Theosis, meaning deification or divinization, is the process of man becoming holy and being united with God, beginning in this life and later consummated in the resurrection. Theosis is the understanding that humans from the beginning are made to share in the life of the Trinity. Therefore, we are saved from sin for participation in the life of the Trinity, which is life-giving and therefore eternal
.

Definition from OrthodoxWiki.

rumbustious

Under "Miller, Henry" Laughlin aptly notes that the author of Tropic of Cancer"resembled the clerk in our rural general store and was equally loquacious." Nabokov's princely hauteur is captured perfectly in three sentences: "He had [his wife] Vera write his terse little letters to me. He would force a smile for me sometimes but it was a long-ways-away smile. The real smile was still on the flatcar that was transporting his grandfather's carriage and horses across Europe for the summer vacation at Biarritz." The young Tennessee Williams claimed never to travel anywhere without the poems of Hart Crane in his knapsack. In his workroom in Rapallo, Italy, Pound hung his pencils and scissors on strings from the ceiling so they would not get lost among his papers. The stately and aristocratic Edith Sitwell loved the work of rumbustious, multitude-embracing Walt Whitman.


- from Dirda's review of The Way It Wasnt: From the Files of James Laughlin.

SYLLABICATION: rum·bus·tious
ADJECTIVE: Uncontrollably exuberant; unruly: “Common to both his illustrations and his independent paintings . . . and lurking below their rumbustious surface, is a sympathy for the vulnerability of the ordinary human being” (Christopher Andreae).
ETYMOLOGY: Probably alteration of robustious (influenced by rambunctious).
OTHER FORMS: rum·bustious·ly —ADVERB
rum·bustious·ness —NOUN


- definition from The American Heritage Dictionary of the English Language, 4 ed.

Thursday, December 21, 2006

pullulate

A rising mass movement attracts and holds a following not by its doctrine and promises but by the refuge it offers from the anxieties, barrenness and meaninglessness of an individual existence.

...

Where new creeds vie with each other for the allegiance of the populace, the one which comes with the most perfected collective framework wins.
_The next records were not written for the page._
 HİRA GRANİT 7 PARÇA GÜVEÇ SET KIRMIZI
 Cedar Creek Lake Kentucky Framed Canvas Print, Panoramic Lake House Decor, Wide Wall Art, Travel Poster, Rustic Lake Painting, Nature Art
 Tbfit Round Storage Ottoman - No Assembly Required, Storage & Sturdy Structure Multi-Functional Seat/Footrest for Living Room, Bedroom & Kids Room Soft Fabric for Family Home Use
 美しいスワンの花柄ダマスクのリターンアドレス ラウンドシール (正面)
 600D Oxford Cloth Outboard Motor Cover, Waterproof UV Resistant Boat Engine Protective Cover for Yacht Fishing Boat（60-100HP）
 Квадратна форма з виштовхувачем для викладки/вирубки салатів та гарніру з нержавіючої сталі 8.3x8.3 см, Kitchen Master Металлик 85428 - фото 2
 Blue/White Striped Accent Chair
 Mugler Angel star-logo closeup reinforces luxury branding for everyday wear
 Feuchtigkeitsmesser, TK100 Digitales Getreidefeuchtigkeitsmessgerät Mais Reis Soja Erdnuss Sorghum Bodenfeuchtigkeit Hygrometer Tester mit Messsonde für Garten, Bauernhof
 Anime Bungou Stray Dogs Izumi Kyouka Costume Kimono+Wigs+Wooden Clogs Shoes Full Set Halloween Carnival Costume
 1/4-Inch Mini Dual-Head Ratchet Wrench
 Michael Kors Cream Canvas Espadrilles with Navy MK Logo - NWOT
Of all the cults and philosophies which competed in the Graeco-Roman world, Christianity alone developed from its inception a compact organization. "No one of its rivals possessed so powerful and coherent a structure as did the church. No other gave its adherents quite the same feeling of coming into a closely knit community."...The National Socialist Movement, too, won out over all the other folkish movements which pullulated in the 1920's because of Hitler's early recognition that a rising mass movement can never go too far in advocating and promoting collective cohesion. He knew that the chief passion of the frustrated is "to belong," and that there cannot be too much cementing and binding to satisfy this passion.

- Eric Hoffer, The True Believer: Thoughts on the Nature of Mass Movements.

pul·lu·late [puhl-yuh-leyt]
–verb (used without object), -lat·ed, -lat·ing. 1. to send forth sprouts, buds, etc.; germinate; sprout.
2. to breed, produce, or create rapidly.
3. to increase rapidly; multiply.
4. to exist abundantly; swarm; teem.
5. to be produced as offspring.


--------------------------------------------------------------------------------

[Origin: 1610–20; < L pullulātus (ptp. of pullulāre to sprout), deriv. of pullulus a sprout, young animal, dim. of pullus; see pullet]

—Related forms
pul·lu·la·tion, noun
Dictionary.com Unabridged (v 1.1)
Based on the Random House Unabridged Dictionary, © Random House, Inc. 2006.